Publications


Migrations divines

The exhibition and the book Divine Migrations provide a new look at the great ancient polytheisms (Egyptian, Greek and Roman) and their borrowing and reappropriation dynamics. Far from being isolated and fixed religious expressions, these facts of civilization intersect and respond to each other in the heart of the Mediterranean. Travel, trade or conquests contribute largely to the diffusion of ancient cults. They shape renewed theological forms that fully illustrate the permeability and spirit of openness carried by the religions of Antiquity.
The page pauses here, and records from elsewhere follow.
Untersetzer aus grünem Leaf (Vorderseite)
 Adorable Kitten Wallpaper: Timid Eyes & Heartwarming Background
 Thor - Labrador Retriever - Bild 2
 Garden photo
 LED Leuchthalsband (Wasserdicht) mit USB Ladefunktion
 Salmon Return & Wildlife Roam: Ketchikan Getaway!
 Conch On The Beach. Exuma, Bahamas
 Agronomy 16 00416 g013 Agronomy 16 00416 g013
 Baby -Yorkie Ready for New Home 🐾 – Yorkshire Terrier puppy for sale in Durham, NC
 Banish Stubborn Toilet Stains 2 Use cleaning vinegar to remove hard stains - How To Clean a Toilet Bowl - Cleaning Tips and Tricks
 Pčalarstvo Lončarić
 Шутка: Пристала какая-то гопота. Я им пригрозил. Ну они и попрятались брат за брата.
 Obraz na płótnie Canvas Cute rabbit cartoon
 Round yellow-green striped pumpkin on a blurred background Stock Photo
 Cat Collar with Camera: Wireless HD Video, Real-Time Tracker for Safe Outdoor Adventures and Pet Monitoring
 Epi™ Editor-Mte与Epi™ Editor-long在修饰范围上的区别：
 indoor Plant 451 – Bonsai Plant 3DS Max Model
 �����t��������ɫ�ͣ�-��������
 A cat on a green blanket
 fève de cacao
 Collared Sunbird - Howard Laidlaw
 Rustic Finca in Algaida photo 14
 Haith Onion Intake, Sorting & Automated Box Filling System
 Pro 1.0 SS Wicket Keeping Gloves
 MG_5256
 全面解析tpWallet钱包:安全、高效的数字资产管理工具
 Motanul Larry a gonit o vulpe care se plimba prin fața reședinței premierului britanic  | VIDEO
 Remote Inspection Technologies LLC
edited by Myriame Morel-deledalle
scientific council of jean-luc chappaz and frédéric mougenot

Through a collection of exceptional archaeological works and objects on loan from the Fondation Gandur pour l’Art and the Musées d’Art et d’Histoire of Geneva, this exhibition focuses on three basins of civilization in the Mediterranean - Egypt, Greece and Rome - in which men have imagined gods in different ways and created pantheons with characteristics specific to each culture. The exhibition presents ritual objects and images of worship, which enabled the Ancients to represent the world of the divine or to participate in their quest for immortality.

Migrations divines presents a little over 200 ancient works (dating from the 3rd millennium BC to the 3rd century AD), which bear witness to the adoption of divinities from elsewhere or the formation of new mixed divine forms. It questions the dialogue between the Egyptian, Greek and Roman pantheons in their practices, beliefs and representations of the divine.